If the accounts are not settled after the due date, appropriate debt collection actions must be taken.”

He said most people settle their bills after receiving notifications about their outstanding debt, payment plans and the collection process.

“Instead of the disconnection of the electricity supply — no electricity as is the practice elsewhere in some cases — the city in the case of pre-paid electricity meters, recovers between 30% to 90% of electricity purchases towards the arrears when the property owners have made no payments.”

Mbandezi said the various tariff bands are to ensure cross-subsidisation to pay for services, depending on if one is indigent or has the ability to pay. “One tariff would make it completely unaffordable for the majority of customers.” 

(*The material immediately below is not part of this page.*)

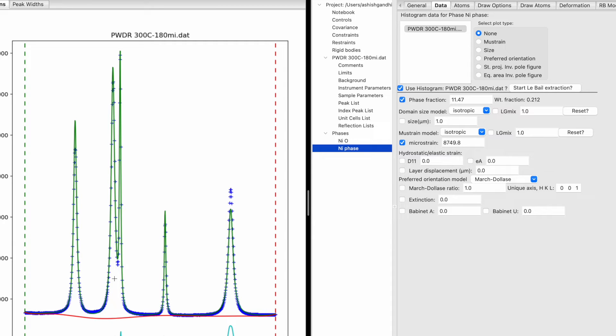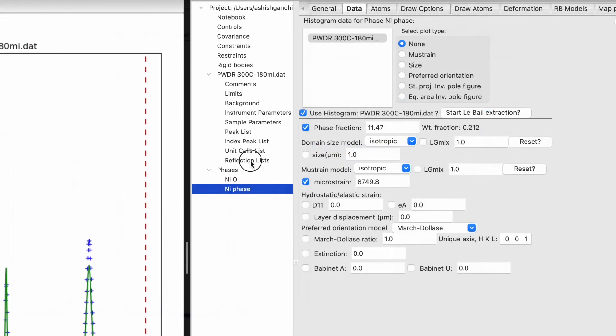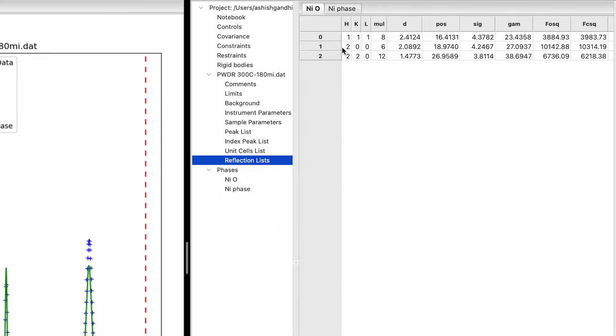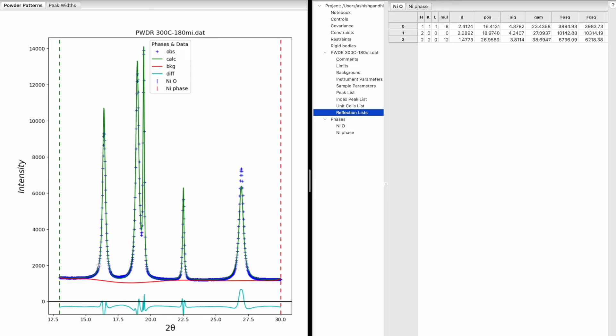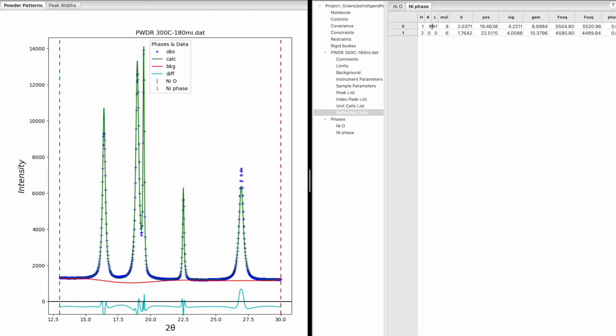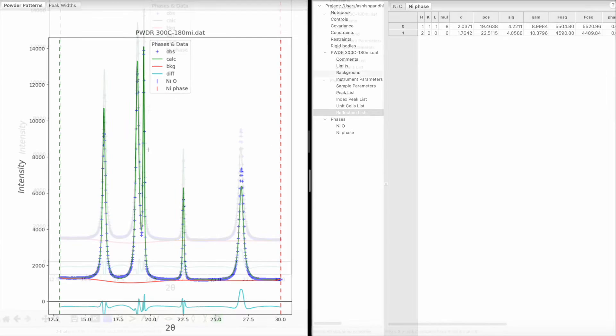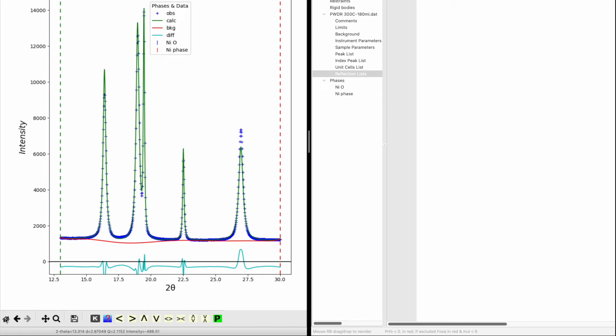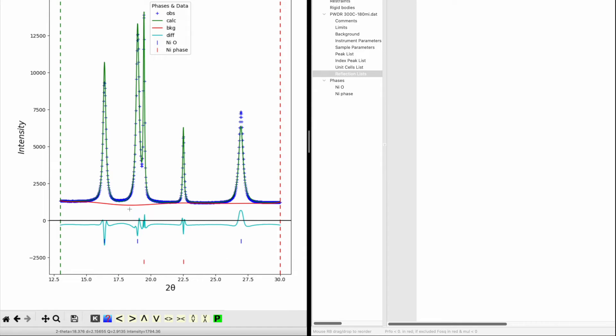To identify which phase is which, click on Reflection List. The nickel oxide reflections show planes 111, 200, and 220 at 2-theta positions 16, 18, and 26 degrees. For the nickel phase, planes 111 and 200 are at 19.4 and 22.5 degrees respectively. The blue vertical markers correspond to nickel oxide and the red markers to nickel.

He added that the city’s application process for pensioners and the indigent is “robust and proactive” and pensioners renew their applications every three to four years.

Energy analyst Chris Yelland said it may be a matter for the court to decide whether municipalities can ignore Eskom’s recommended tariff increases.

“Ultimately, as I understand it, Nersa is given the role of approving municipal tariffs and municipalities operate within a distribution licence issued by Nersa, so if they are in breach of the rules of their licence, in theory, the regulator has the power to not give them a licence,” he said.

“But frankly that is just something that would never happen in the case of an entity such as the City of Cape Town or any municipality, except in the most dysfunctional municipalities, and there are a few of those that are no longer capable of meeting their service delivery obligations. The City of Cape Town is meeting its service delivery obligations but seems to feel it can set its own tariffs, and there must be some justification for those thoughts.

“If there was a court challenge it would be one of these long complicated technical things that get carried out, but I don’t think it would come to that. Nersa won’t make an issue of it and the city will tell it to take a hike.”